TASK REQUIREMENTS:
The answer is the line containing "Villa ou maison" plus every line after it to the end of the material, retyped exactly and without the pictures.

SOURCE INFORMATION:
==========

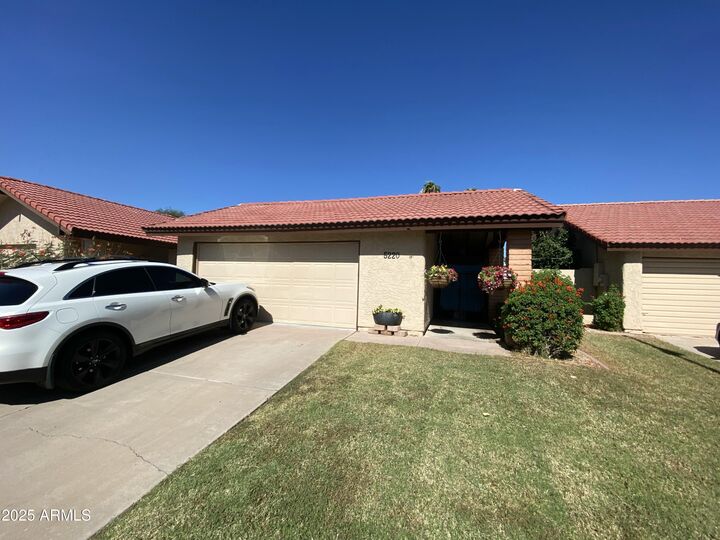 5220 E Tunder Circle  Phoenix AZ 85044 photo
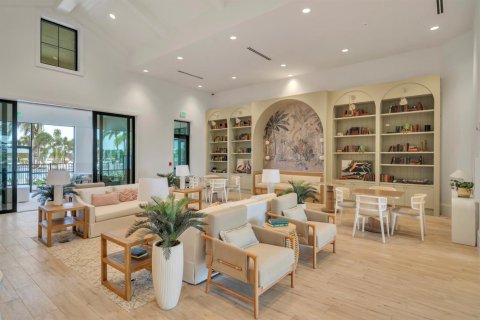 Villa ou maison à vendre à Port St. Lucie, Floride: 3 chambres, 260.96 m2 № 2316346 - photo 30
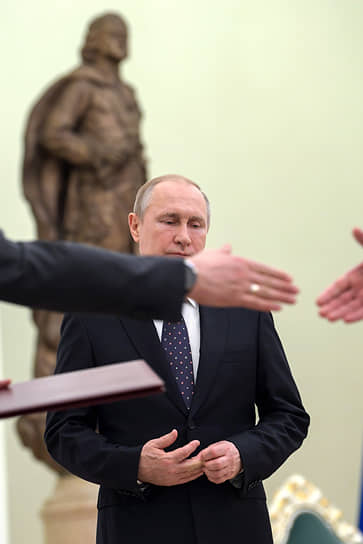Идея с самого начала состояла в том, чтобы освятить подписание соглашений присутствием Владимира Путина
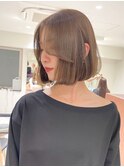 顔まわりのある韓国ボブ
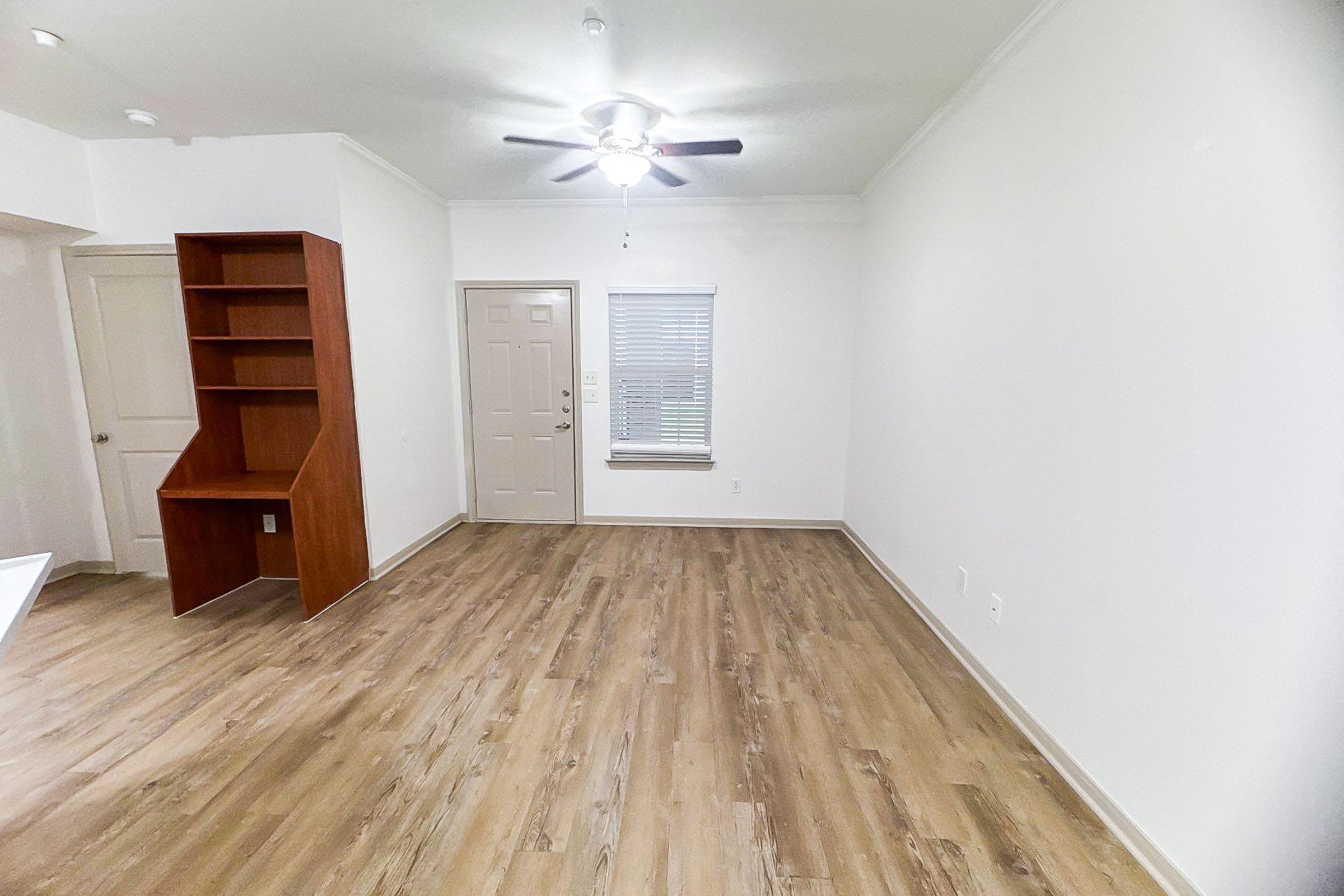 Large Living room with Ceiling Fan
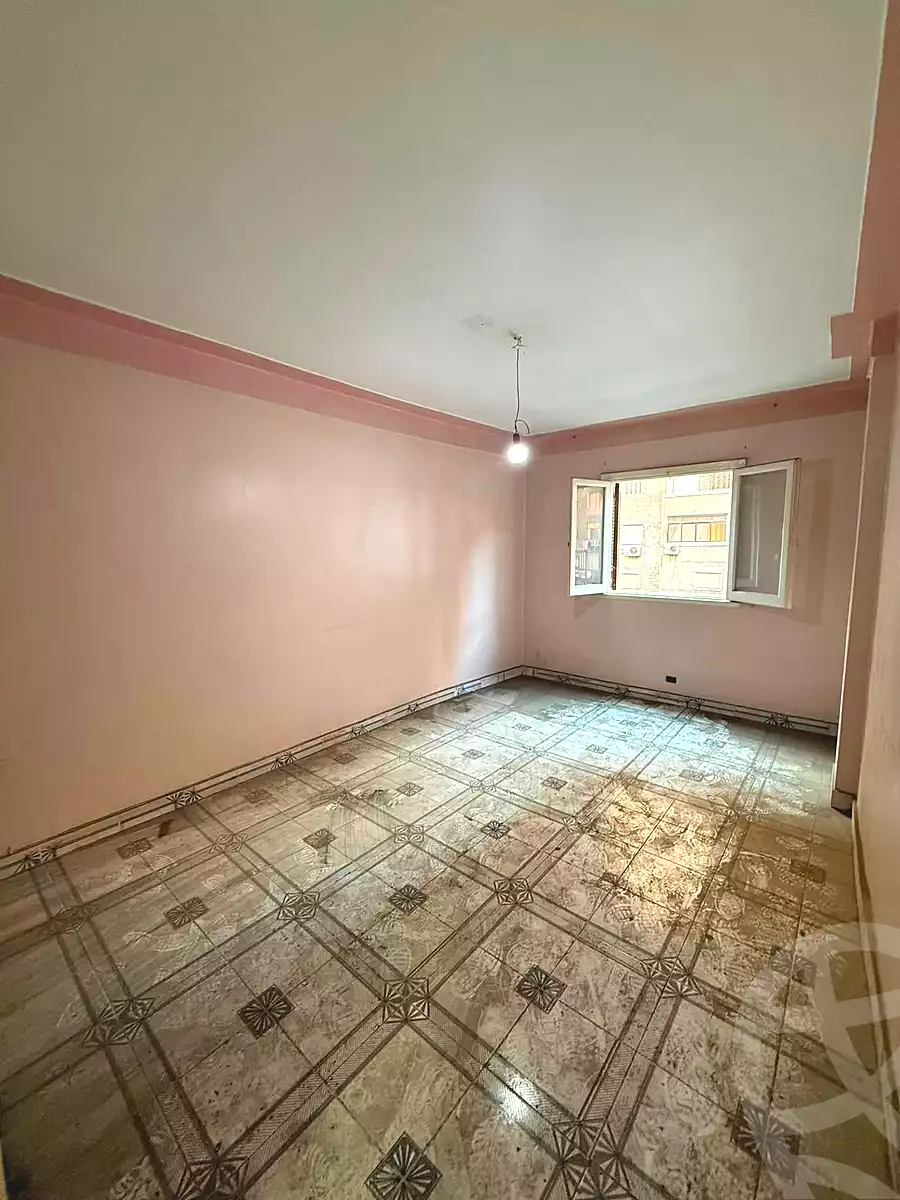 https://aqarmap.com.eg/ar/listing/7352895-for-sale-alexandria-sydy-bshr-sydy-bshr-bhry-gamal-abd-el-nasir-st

==========

RESULT FOR THIS EXERCISE:
 Villa ou maison à vendre à Port St. Lucie, Floride: 3 chambres, 260.96 m2 № 2316346 - photo 30
Идея с самого начала состояла в том, чтобы освятить подписание соглашений присутствием Владимира Путина
 顔まわりのある韓国ボブ
 Large Living room with Ceiling Fan
 https://aqarmap.com.eg/ar/listing/7352895-for-sale-alexandria-sydy-bshr-sydy-bshr-bhry-gamal-abd-el-nasir-st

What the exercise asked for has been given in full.